Dopo essersi seduta, comincia a spalmarsi sul viso e sui capelli una specie di cerone dividendosi il viso in una parte bianca e una nera, non in verticale ma in orizzontale. E conclude il nuovo look avvolgendosi intorno alla testa una rete simile a quella che le ricopre il corpo. A dare il tocco finale, una specie di sigaro-fumogeno che accende provocandone la fuoriuscita di una forte fiammata.
La trasformazione richiama nella sua stranezza-stranianza la figura del Joker nella saga di Batman ma anche quella di Batman stesso,
dove si aggiunge l’oscurità a rievocare il mondo del fumetto e la sua rappresentazione filmica, soprattutto nell’episodio intitolato Il cavaliere oscuro. Conclusa la metamorfosi, la performer estrae da un qualche recesso un panino e lo addenta, fissando il pubblico in modo provocatorio morso dopo morso; come se stesse esibendo qualcosa di proibito in piena luce. Poi, sbattendo i tacchi alti quadrati che le deformano la figura si scatena, ordina ai tecnici l’accensione delle luci in sala rivolgendosi in particolare a una malcapitata, chiedendole di esprimersi in merito allo spettacolo e su quesiti incongrui. Il suo Caligola, come quello di Camus, incarna l’onnipotenza del potere, l’onnipotenza che porta alle azioni crudeli più insensate di chi sa di avere l’impunità;
ma spera che qualcuno lo fermi, che gli dia modo d’interrompere quella follia assicurandone allo stesso tempo l’immunità. Perché è il timore del castigo che lo spinge a non fermarsi: finché incute terrore, non potrà venire sopraffatto. Così oscilla fra desiderio di porre fine al proprio delirio e paura della punizione. Ed è una lacerazione insopportabile.

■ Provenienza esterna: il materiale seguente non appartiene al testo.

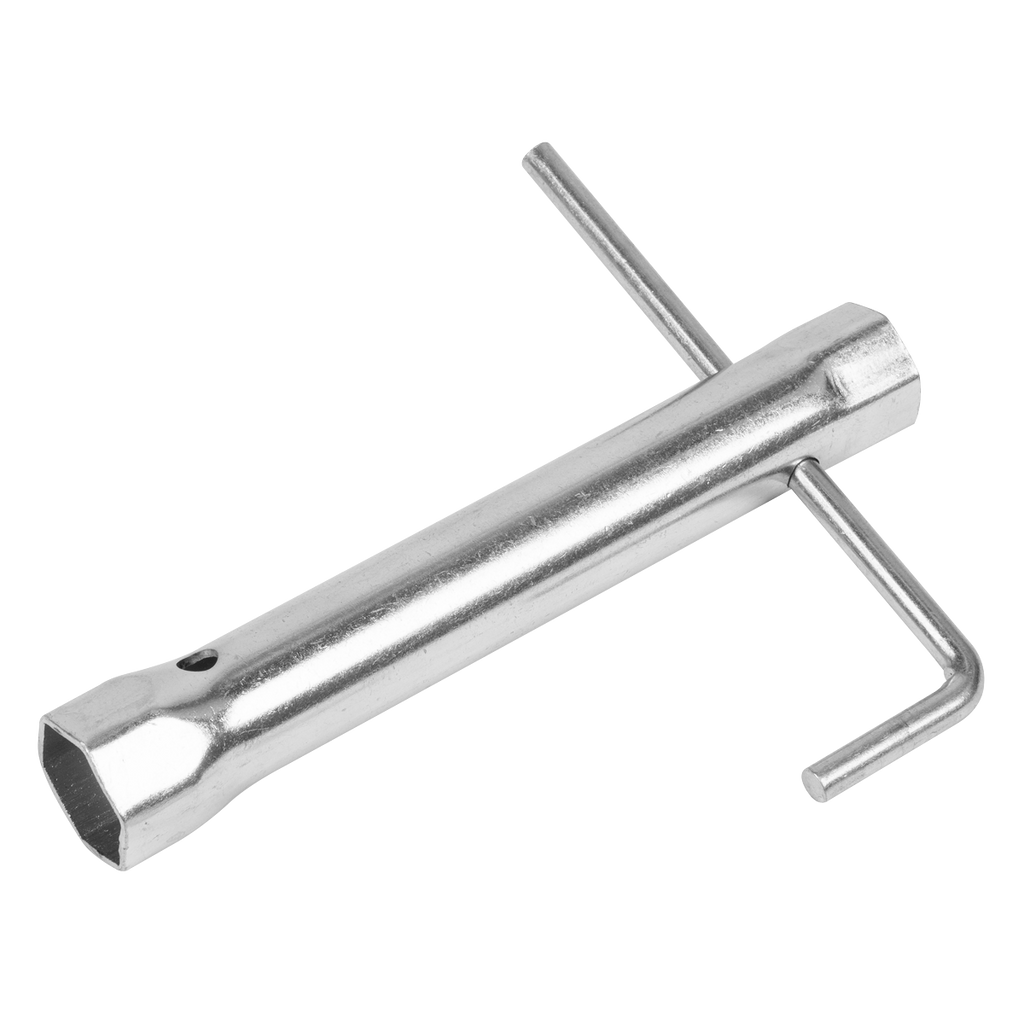 Long Reach Double End Spark Plug Box Spanner with L-Bar 17/21mm MS158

Quindi assistiamo alla sua autocastrazione: accostando al corpo due palloncini-finti testicoli, li recide mostrandoli al pubblico come trofei, come se infliggendosi da solo la punizione potesse sfuggire a quanto lo attende.
La performer a questo punto non può fare a meno di richiamare l’attenzione del pubblico su quanto sta succedendo nel mondo e in particolare a Gaza, forse emblema della crudeltà dei Caligola del mondo contemporaneo. La performance si conclude con l’artista che con una punta buca tutti i palloncini, in scena e sul suo corpo: un vero e proprio atto liberatorio.
Chiara Ameglio ci restituisce in modo originale una figura del potere fra il tragico e il grottesco come nella migliore delle tradizioni.